# [Task goal]
Send back exactly the lines from the opening line of the records below through the one with "Health officials disinfect".

# [Input]
• • •
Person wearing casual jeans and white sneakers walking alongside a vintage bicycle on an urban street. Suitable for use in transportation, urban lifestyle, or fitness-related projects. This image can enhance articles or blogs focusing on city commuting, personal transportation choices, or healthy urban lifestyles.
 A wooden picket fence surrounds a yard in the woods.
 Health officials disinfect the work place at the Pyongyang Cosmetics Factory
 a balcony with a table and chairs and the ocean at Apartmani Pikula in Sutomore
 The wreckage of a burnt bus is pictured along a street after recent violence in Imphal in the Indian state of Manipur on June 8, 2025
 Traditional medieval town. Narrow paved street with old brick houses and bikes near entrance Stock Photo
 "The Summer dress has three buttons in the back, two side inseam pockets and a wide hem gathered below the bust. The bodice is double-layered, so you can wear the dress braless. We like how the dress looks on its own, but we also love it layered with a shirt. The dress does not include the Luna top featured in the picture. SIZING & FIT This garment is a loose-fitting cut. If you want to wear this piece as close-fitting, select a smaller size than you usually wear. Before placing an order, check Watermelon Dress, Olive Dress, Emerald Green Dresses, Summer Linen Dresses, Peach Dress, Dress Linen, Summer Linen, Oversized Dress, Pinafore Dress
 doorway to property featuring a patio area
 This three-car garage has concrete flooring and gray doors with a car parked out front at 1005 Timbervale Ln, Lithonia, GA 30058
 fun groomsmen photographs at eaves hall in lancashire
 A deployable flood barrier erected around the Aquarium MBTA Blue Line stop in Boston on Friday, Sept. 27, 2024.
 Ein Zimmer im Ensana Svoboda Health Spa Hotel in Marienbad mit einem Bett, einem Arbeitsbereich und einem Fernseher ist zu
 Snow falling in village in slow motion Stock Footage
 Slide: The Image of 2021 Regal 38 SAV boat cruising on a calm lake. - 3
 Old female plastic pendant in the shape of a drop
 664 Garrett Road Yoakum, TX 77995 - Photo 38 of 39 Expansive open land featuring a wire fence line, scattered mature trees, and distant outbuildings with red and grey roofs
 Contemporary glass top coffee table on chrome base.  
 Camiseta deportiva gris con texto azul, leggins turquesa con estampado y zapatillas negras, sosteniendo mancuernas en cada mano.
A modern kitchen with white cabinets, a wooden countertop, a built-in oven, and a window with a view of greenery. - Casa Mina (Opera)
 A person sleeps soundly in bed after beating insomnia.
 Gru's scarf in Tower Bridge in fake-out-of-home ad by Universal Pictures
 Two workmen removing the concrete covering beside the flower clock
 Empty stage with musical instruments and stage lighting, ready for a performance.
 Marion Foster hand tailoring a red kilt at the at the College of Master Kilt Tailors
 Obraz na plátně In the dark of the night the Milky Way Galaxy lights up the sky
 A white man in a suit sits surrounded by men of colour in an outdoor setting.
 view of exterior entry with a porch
• • •
# [Result of the task]
Person wearing casual jeans and white sneakers walking alongside a vintage bicycle on an urban street. Suitable for use in transportation, urban lifestyle, or fitness-related projects. This image can enhance articles or blogs focusing on city commuting, personal transportation choices, or healthy urban lifestyles.
 A wooden picket fence surrounds a yard in the woods.
 Health officials disinfect the work place at the Pyongyang Cosmetics Factory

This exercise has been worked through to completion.